There are no remains of the village. The aboveground portions of the mound, reportedly 300 ft long and 30 ft high, were removed between 1853 and 1910 and used for road construction and other commercial purposes. The Berkeley City Council designated a three-block area as a city landmark in 2000. In the early 1970s, a 2.2 acre area at 1900 Fourth Street within the site was paved and became a parking lot for Spenger's Fish Grotto, a restaurant that operated from 1890 to 2018. Whether this paved area is on the site of a shellmound is disputed, but it is within the area sacred to the Ohlone.

===Development proposal===
Ruegg & Ellsworth LLC, a property developer, acquired a share in the parcel in 2000 and total ownership in 2022. The company proposed a mixed-use development to include 135 apartments and 33,000 sqft dedicated to retail and food service; in 2018 the proposal was modified to include 260 residential units including below-market rate housing, to take advantage of the fast-track provisions of Senate Bill 35. Protests against the development of the site were strengthened after two sets of ancient human remains were discovered during construction at 1919 Fourth Street, outside the previously established boundaries of the shellmound. In September 2020, the National Trust for Historic Preservation declared the site one of the 11 "most endangered historic places" in the United States.

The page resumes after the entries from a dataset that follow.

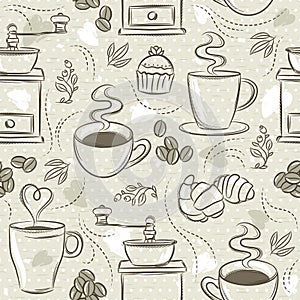 Beige seamless patterns with coffee set, cup, heart, coffee mill and text. Background with coffee set. Ideal for printing onto fab photo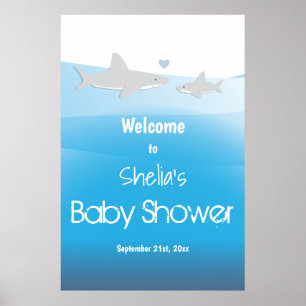 Póster Shark Ocean Baby Shower Welcome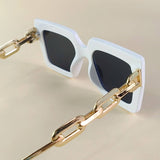 SQUARE FRAME CHAIN FASHION METAL SUNGLASSES WOMEN_CWASG0280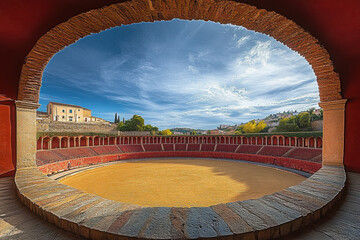 Empty round bullfight arena in Spain. Spanish bullring for traditional performance of bullfight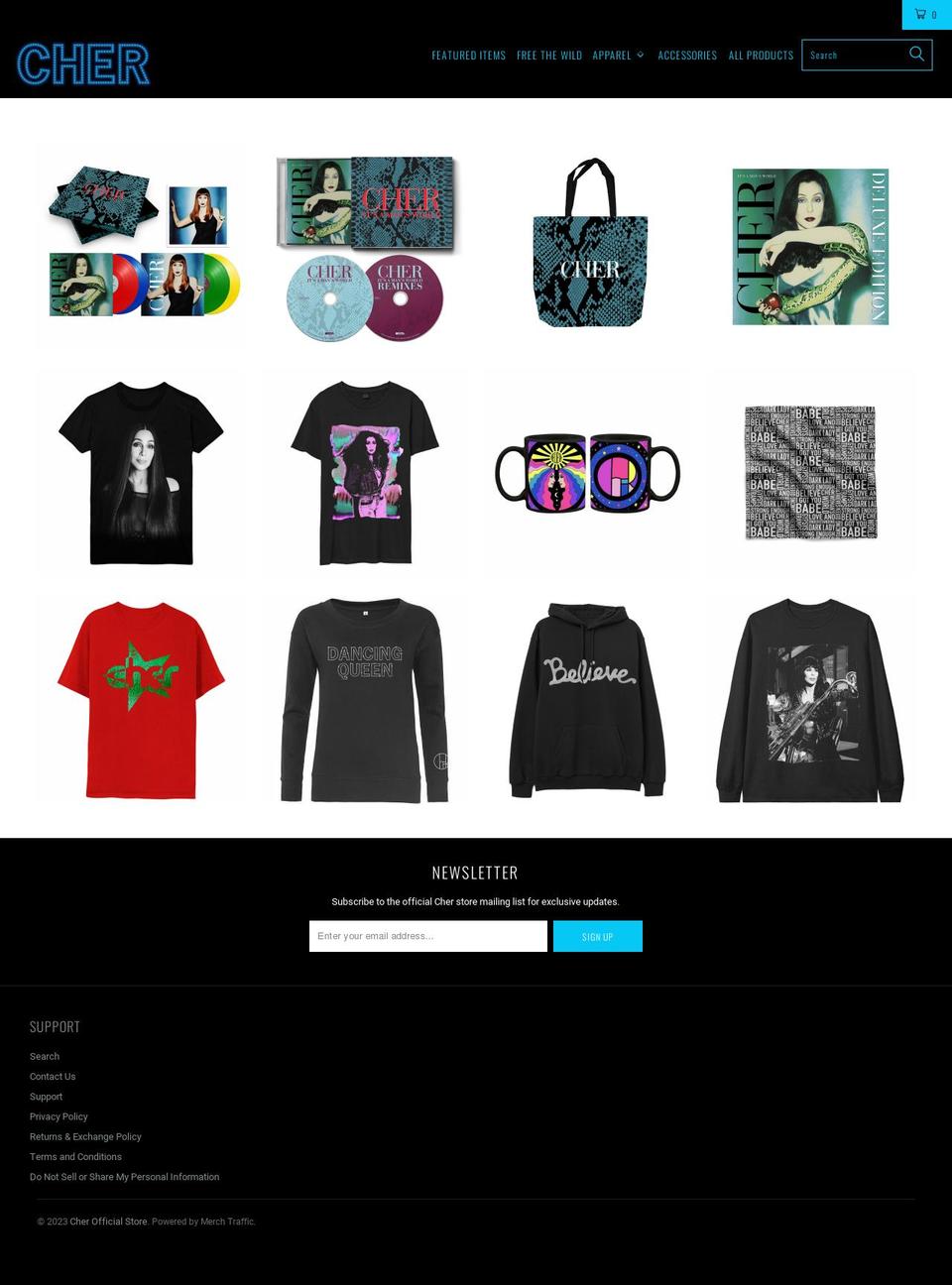 cher.store shopify website screenshot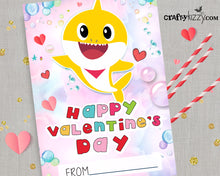 Yellow Baby Shark Valentines Day Cards for Kids Girl Shark Valentine Exchange Cards - INSTANT DOWNLOAD - CraftyKizzy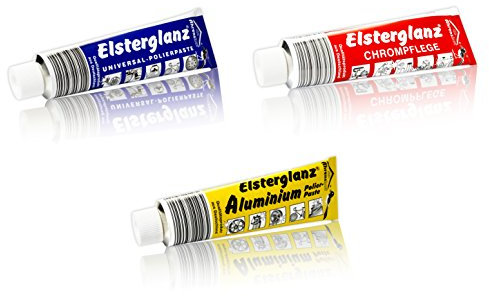hs24store Elsterglanz 3er Set 150ml XXL Tube Chrom,Universal,Aluminium Politur, Paste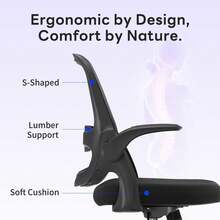 Ergonomic Mesh Office Chair With Flip-Up Arms, Adjustable Height Breathable Mesh Back & Thick Cushion Seat, 360° Swivel Rolling Computer Desk Chair, BIFMA Certified Heavy Duty 300 LBS Office Chair For Adults, Black - Black - View 5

The City of Berkeley did not grant permission for the proposed development in either form, partly in response to Indigenous activists including Corrina Gould, a local Lisjan Ohlone leader, and organizations including the Coalition to Save the West Berkeley Shellmound and Indian People Organizing for Change. The developers sued the city; in 2019, a judge ruled in favor of the city, but on April 20, 2021, a three-justice panel of the California Court of Appeal unanimously declared that "[t]here is no evidence in the record that the Shellmound is now present on the project site in a state that could reasonably be viewed as an existing structure, nor even remnants recognizable as part of a structure" that would be disturbed by the development and that the project could proceed. The City of Berkeley and the Confederated Villages of Lisjan sought review from the California Supreme Court of the order allowing the development to proceed, but only one, rather than the required four, Justices considered the case appropriate for further review, so the appellate decision allowing the development to proceed became law. A building permit was issued in 2022, but work has not begun at the site. The developer sued the city for financial damages, and a trial date was set for April 2024.

==Planned Ohlone memorial park==
Ohlone people opposed to the development of the parking lot proposed a park and memorial center. In March 2024, an agreement was reached under which Ruegg & Ellsworth will sell the land to representatives of the Ohlone for $27 million, of which $1.5 million will be paid by the city and the remaining $25.5 million by Sogorea Te' Land Trust, an organization for the return of Indigenous lands, facilitated by a recent $20 million gift. Gould's plan is to uncover the creek and use the site for a park surrounding a vegetated mound 40 ft tall housing an educational and memorial center.